Y cómo no, los depredadores, que infunden temor en la fauna sobre la que depredan y la obligan a moverse con sigilo en un juego del gato y el ratón, ancestral e inacabable; depredadores tan imprescindibles para mantener el ecosistema equilibrado como perseguidos y odiados por el hombre inculto (o simplemente egoísta) que nunca entenderá (o le dará igual) que su función es simplemente vital en la naturaleza. Desde la más pequeña comadreja hasta el superdepredador por excelencia de nuestra geografía, el lobo, pueden dejarnos sus marcas para que sepamos de su existencia. Felinos, mustélidos, vivérridos y cánidos campan por Gredos más o menos a sus anchas, escondiéndose no solo de sus presas para poderlas dar caza, sino también de nosotros. No siempre será sencillo identificarlos, a veces incluso nos confundirán los perros y gatos domésticos que también deambulan libres por el monte, pero con paciencia y atención acabaremos descubriendo muchos secretos de la vida salvaje de estas montañas.











El regreso del lobo al Sistema Central no puede más que alegrarnos. Esperamos que su control sobre el exceso de cabras monteses evite que se alcancen en Gredos los problemas que ha provocado su sobrepoblación en Guadarrama, por ejemplo. El control de epizootías que puedan afectar al ganado doméstico solo es posible con poblaciones saludables de herbívoros silvestres, y esto a su vez solo es posible si un animal controla esas poblaciones. Y ese animal solo puede ser uno, el lobo. Pretender que el hombre pueda alguna vez sustituir los servicios ecosistémicos que proporcionan los depredadores mediante la caza es, sencillamente, de una prepotencia e ignorancia infinita.

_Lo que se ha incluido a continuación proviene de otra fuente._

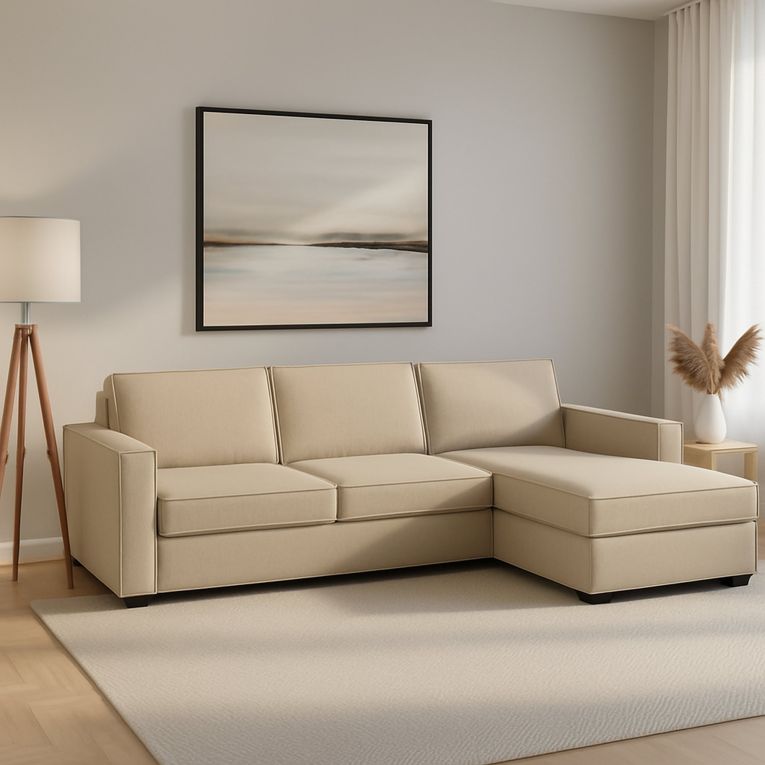 Divano in metallo rivestito in tessuto beige 260x95x90h cm - Assobasso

La sierra de Gredos hoy en día está un poco más completa con el regreso a sus gargantas del gran depredador, aunque se antoja ya imposible que el ecosistema gredense recupere todo el esplendor del pasado, dado que una pieza fundamental del ecosistema no parece que, hoy por hoy, pueda volver a medrar en sus ladras: el oso. La vieja mano del último oso cazado en Gredos hace más de cuatro siglos, que permanece clavada en la puerta de la iglesia de Navacepeda de Tormes, seguirá siendo un mudo recuerdo de la inconsciencia del hombre y de la nefasta influencia que tiene sobre la naturaleza.

Aún así, la vida salvaje bulle en estas montañas, y caminar por ellas mirando atento al suelo, a sus laderas y al cielo no puede entenderse más que como un ejercicio de aprendizaje y de humildad ante las grandes montañas.